Veet works for me... pain free and lasts a while...


----------



## Jungle (Mar 9, 2009)

Yeh, I've used Veet, u gotta get the timing right though...

Too little- Patchy

Too long- "f*ck that burns"

The itchyness of it growing back, outweighs the pros of having no chest hair though


----------



## Eklektik (May 15, 2009)

I just chuck it on for 6 mins, then get it off... never burned me before, Use the one for sensitive skin.... and it doesnt itch when comes back in.... not even in the crack lol


----------



## geeby112 (Mar 15, 2008)

I always use them, well i aint a hairy person to begin with but i give it a once over every 2 weeks even down below, hurts at forst but if you keep on top should be fine

!st time i used it i broke out in timy red pimples but they never returned


----------



## Bull Terrier (May 14, 2012)

I dug out this old thread regarding epilators, like Silk Epil and Satinelle, seeing as I've just bought one.
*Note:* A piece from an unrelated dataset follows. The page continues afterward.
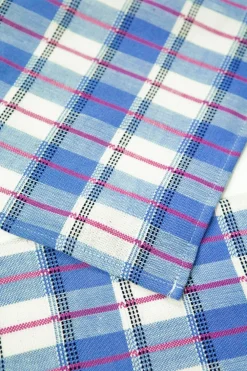 Best Archive New York San Andres Gingham Blue & White Table Runner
My experience is that the first time I used it it was like a combine harvester driving over me..

I came out in red pimples (similar to another guy who posted on this thread), which went away after a few days.

However after a few times of using, it stops hurting and you don't get the pimples anymore. I use it all over body and the results are really excellent. I used to use a Bodygroomer, which I thought was pretty much useless and it broke quite quickly also. I don't like using razors because the hairs grow back so damn quickly. Laser scares me and costs a fortune.

I highly recommend epilators, but you need to stick with them for a bit. Quite honestly I don't think that I'll use anything else for removing body hairs.


----------



## Ahal84 (Jun 2, 2010)

Wax that shet  as u said the more you shave the harder the hairs grow back.


----------



## Bull Terrier (May 14, 2012)

Ahal84 said:


> Wax that shet  as u said the more you shave the harder the hairs grow back.


If you use epilator they don't grow back harder. Many say that they grow back somewhat softer, but to be honest that hasn't really been my experience. However at the very least they don't grow back harder.


----------